The conviction that teaching is a dialogical activity, along with a belief in active learning, is the core of my teaching philosophy. I rarely lecture in my classes. I believe rather in a student-learning approach to teaching, actively engaging students by presenting ideas and concepts in ways that foster discussion and critical thinking. Creative teaching in the humanities often means traversing traditional disciplinary boundaries and encouraging students to make interdisciplinary connections between ideas and to develop and present their own arguments about the subject matter. The process of teaching must therefore always remain open ended and flexible, allowing even the most disparate ideas room to be explored and articulated by both teacher and student.

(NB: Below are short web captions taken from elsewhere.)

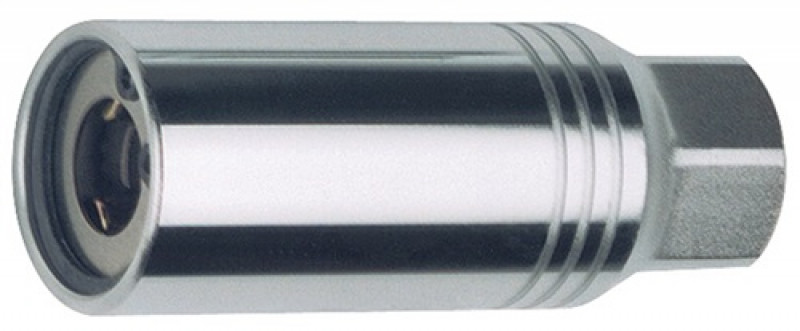 Stehbolzenausdreher 53-12 f.Bolzen-D. 12mm Körper-D. 28mm L.75mm KUKKO Stehbolzenausdreher 53-12 f.Bolzen-D. 12mm Körper-D. 28mm L.75mm KUKKO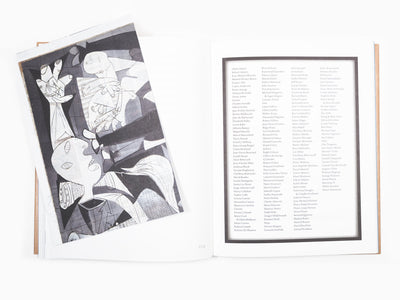 Sophie Calle - Picalso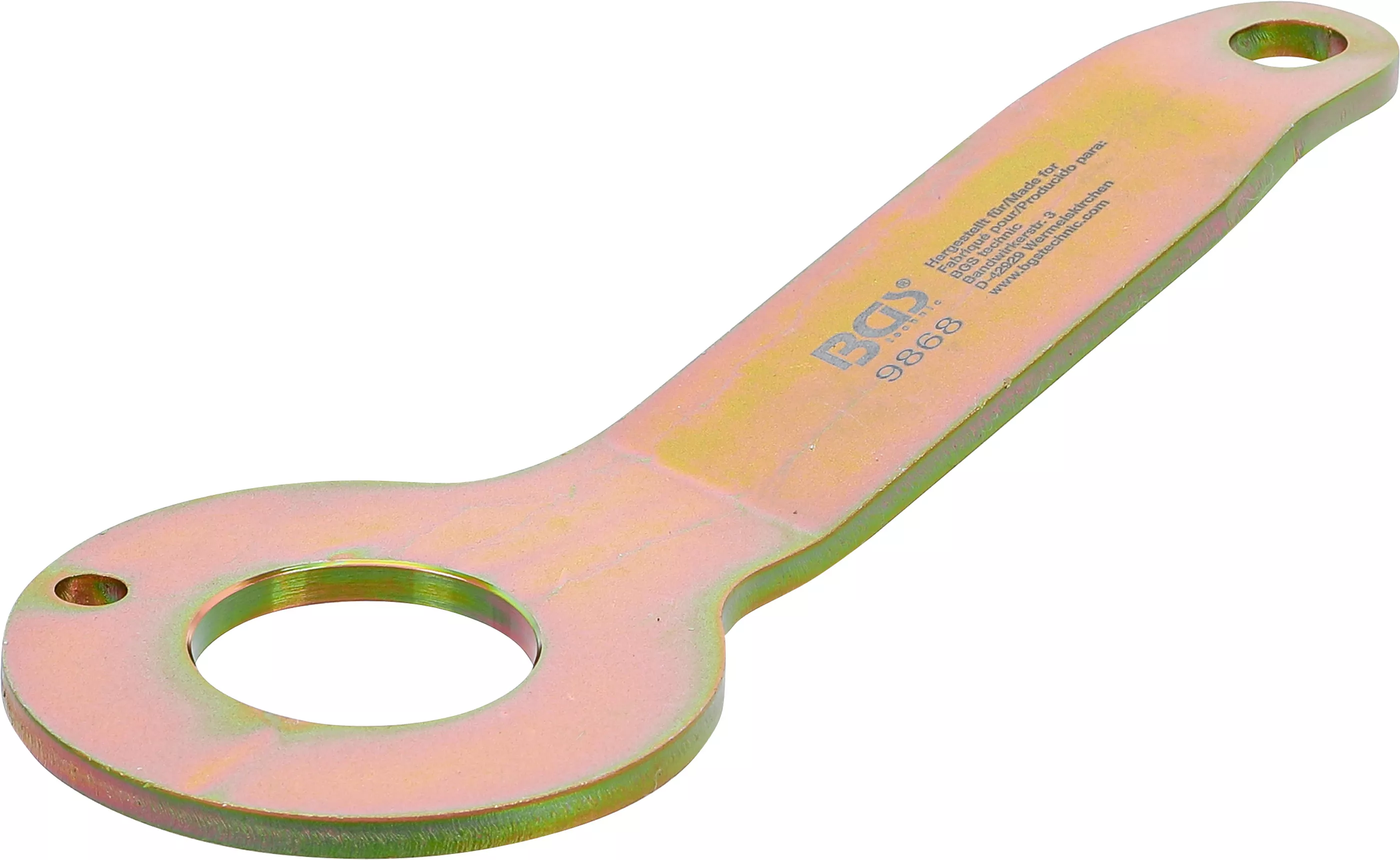 Dispozitiv blocare arbore cotit | pentru BMW N47 [1]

To be an effective teacher, one has to be passionate and knowledgeable about the subject, but must also possess the ability to present the subject in ways that the student can relate to and understand. My role as a teacher in the humanities is to introduce ideas, theories, and cultural artifacts in ways in which students will grasp their importance as part of a shared cultural legacy and enable them to relate this understanding to their own life experience. One strategy I use to accomplish this is to have students actively participate in recreating the evolution of an idea or artifact.
Finally, I believe that teaching is a type of performance, perhaps even performance art. Humor is an important tool in the classroom. A teacher who can promote learning as a form of active, serious thinking while being able to laugh and encourage laughter is a more caring and therefore more effective teacher.